Garantir le droit d’accès à la justice et mettre fin à toutes les formes de menaces et d’attaques contre les peuples autochtones et les défenseur·ses des droits humains et de la nature.
Prendre les mesures nécessaires pour garantir un environnement sûr dans le cadre de l’article 9 de l’accord d’Escazú afin qu’ils puissent effectuer leur travail.
Fournir aux populations autochtones les informations nécessaires, suffisantes, complètes et culturellement appropriées sur le mégaprojet et toutes ses composantes, telles que le gazoduc et les zones de développement, afin qu’elles puissent exercer leur droit à l’autodétermination.
Juchitán de Zaragoza, Oaxaca, 27 juillet 2023.
La mission d’observation est composée de :
Centro Mexicano de Derecho Ambiental, A.C.

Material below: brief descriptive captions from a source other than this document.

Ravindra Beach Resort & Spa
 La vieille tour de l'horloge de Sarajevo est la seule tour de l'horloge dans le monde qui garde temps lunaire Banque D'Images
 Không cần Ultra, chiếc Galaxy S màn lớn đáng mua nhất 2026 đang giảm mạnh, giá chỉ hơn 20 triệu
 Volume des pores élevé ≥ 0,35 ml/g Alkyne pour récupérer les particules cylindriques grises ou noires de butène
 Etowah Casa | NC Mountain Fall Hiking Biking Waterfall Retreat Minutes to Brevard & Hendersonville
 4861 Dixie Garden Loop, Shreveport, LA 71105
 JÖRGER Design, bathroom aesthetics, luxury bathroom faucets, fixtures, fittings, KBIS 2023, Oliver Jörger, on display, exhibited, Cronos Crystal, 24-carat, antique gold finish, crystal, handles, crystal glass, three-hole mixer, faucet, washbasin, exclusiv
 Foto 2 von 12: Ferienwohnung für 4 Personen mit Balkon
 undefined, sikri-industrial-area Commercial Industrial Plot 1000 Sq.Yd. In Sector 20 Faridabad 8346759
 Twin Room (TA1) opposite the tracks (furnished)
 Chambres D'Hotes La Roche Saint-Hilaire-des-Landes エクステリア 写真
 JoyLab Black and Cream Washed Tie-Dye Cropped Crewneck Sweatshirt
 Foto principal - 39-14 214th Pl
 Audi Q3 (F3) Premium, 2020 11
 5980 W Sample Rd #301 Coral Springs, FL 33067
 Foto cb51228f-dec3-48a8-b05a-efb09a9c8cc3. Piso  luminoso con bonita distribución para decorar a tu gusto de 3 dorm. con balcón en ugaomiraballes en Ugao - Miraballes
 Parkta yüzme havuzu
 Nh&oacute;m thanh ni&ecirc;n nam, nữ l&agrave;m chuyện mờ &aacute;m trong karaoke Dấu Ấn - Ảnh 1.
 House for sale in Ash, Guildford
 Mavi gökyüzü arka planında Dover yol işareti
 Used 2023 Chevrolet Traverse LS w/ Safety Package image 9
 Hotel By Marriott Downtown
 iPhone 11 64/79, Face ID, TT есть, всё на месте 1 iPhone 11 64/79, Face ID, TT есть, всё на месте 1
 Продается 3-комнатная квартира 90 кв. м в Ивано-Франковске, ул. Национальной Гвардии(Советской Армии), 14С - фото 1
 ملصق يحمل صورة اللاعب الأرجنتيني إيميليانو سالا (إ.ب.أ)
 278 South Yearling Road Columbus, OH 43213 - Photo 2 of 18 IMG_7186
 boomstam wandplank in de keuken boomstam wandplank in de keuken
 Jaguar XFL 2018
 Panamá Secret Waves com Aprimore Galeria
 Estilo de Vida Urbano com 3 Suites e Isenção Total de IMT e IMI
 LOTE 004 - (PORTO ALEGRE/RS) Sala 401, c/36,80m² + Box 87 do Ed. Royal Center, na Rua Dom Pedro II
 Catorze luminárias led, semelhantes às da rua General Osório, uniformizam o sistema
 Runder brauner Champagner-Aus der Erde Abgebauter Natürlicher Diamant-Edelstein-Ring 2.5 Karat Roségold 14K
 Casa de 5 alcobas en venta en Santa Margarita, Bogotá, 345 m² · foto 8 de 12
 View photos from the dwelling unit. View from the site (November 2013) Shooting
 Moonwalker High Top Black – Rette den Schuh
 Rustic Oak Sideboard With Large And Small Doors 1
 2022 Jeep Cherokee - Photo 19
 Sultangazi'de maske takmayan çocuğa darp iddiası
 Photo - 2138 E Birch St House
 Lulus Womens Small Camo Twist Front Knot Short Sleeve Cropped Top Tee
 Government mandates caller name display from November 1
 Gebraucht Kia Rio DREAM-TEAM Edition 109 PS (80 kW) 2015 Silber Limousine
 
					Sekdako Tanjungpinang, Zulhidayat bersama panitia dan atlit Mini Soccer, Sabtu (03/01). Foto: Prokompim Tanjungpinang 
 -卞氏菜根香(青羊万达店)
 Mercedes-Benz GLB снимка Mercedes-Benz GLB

Unión de Comunidades Indígenas de la Zona Norte del Istmo (UCIZONI)
Front Line Defenders
Brigadas Internacionales de Paz (PBI)
Asamblea de Pueblos Indígenas del Istmo en Defensa de la Tierra y el Territorio (APIIDTT)
Corriente del Pueblo Sol Rojo
Resistencia Civil Mixtequillense
Servicios para una Educación Alternativa A.C.
Tribunal Internacional de Conciencia de los Pueblos en Movimiento (TICPM)
Prevención, Capacitación y Defensa del Migrante, A.C. (PRECADEM)
Servicios y Asesoría para la Paz A.C. (SERAPAZ)
Brigada Humanitaria de Paz Marabunta
Brigada Humanitaria de Paz Marabunta Oaxaca
Consorcio para el Diálogo Parlamentario y la Equidad Oaxaca, A.C.
Centro de Derechos Humanos Miguel Agustín Pro Juárez, A.C.
Red Nacional de Organismos Civiles de Derechos Humanos Todos los derechos para todas y todos (Red TDT)
Centro de Información sobre Empresas y Derechos Humanos
Artículo 19 México
Espacio OSC
Grupo de Trabajo "Fronteras, regionalización y globalización" del Consejo Latinoamericano de Ciencias Sociales (CLACSO)
Proceso de Articulación de la Sierra Santa Marta
Indigenous Peoples Rights International IPRI-México
Congreso Nacional Indígena
1 Les données 2023 correspondent aux informations recueillies dans le cadre du nouveau rapport 2023.